To Know a Woman (Hebrew: Lada’at Isha) was published by Am Oved in 1989. Yoel Ravid has retired from the Mossad — Israel’s foreign intelligence service — after his wife Ivria’s sudden death. He moves to a quiet suburb with his mother, his daughter Netta, and his mother-in-law, and begins a life of domestic routine that is utterly foreign to him. Yoel spent his career analyzing intelligence: reading documents, interpreting signals, detecting lies, predicting behavior. He was very good at it. But he cannot read his own life.
The novel’s irony is structural: a man whose professional skill was understanding people discovers that he never understood the people he loved. He did not know what his wife thought or felt; he does not know what his daughter needs; he cannot interpret the signals of ordinary domestic life. The intelligence skills that served him in espionage are useless in intimacy because intimacy requires a different kind of knowledge — not the analyst’s penetrating gaze but the willingness to be seen, to be vulnerable, to accept that another person is not a problem to be decoded but a consciousness to be met.

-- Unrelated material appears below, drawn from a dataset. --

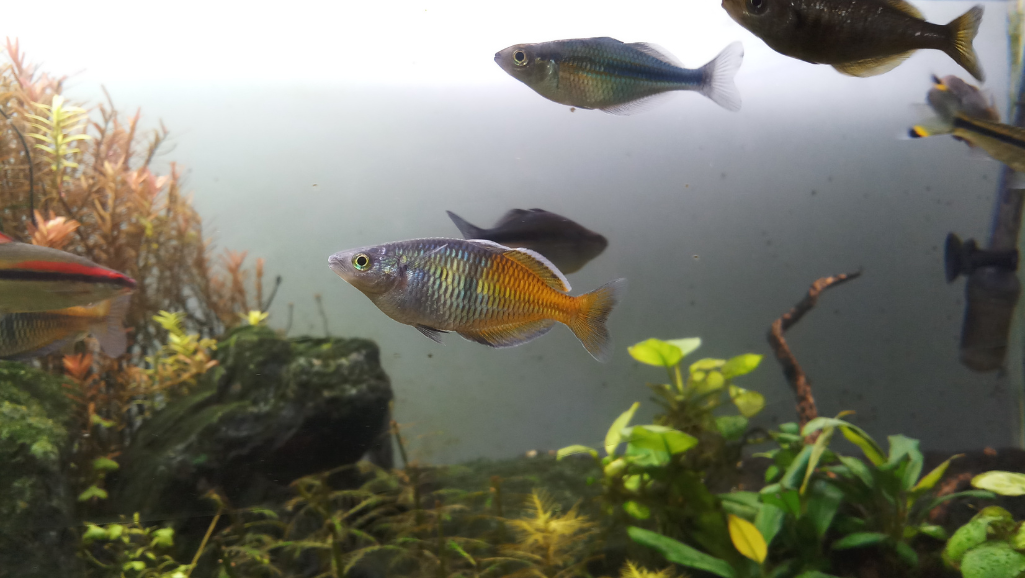 Boesemani Rainbow Fish Tropical Habitat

Oz develops this theme with characteristic restraint. The novel is quiet — there are no dramatic revelations, no spy-thriller plot twists. Yoel tends his garden, drives his mother-in-law to medical appointments, has cautious conversations with his daughter, and begins a tentative relationship with a neighbor. The drama is entirely interior: a man learning, very slowly and very late, that the skills that made him powerful in the world are the skills that prevented him from living in it.
Collecting To Know a Woman
First English edition (Harcourt Brace Jovanovich, New York, 1991): Translated by Nicholas de Lange.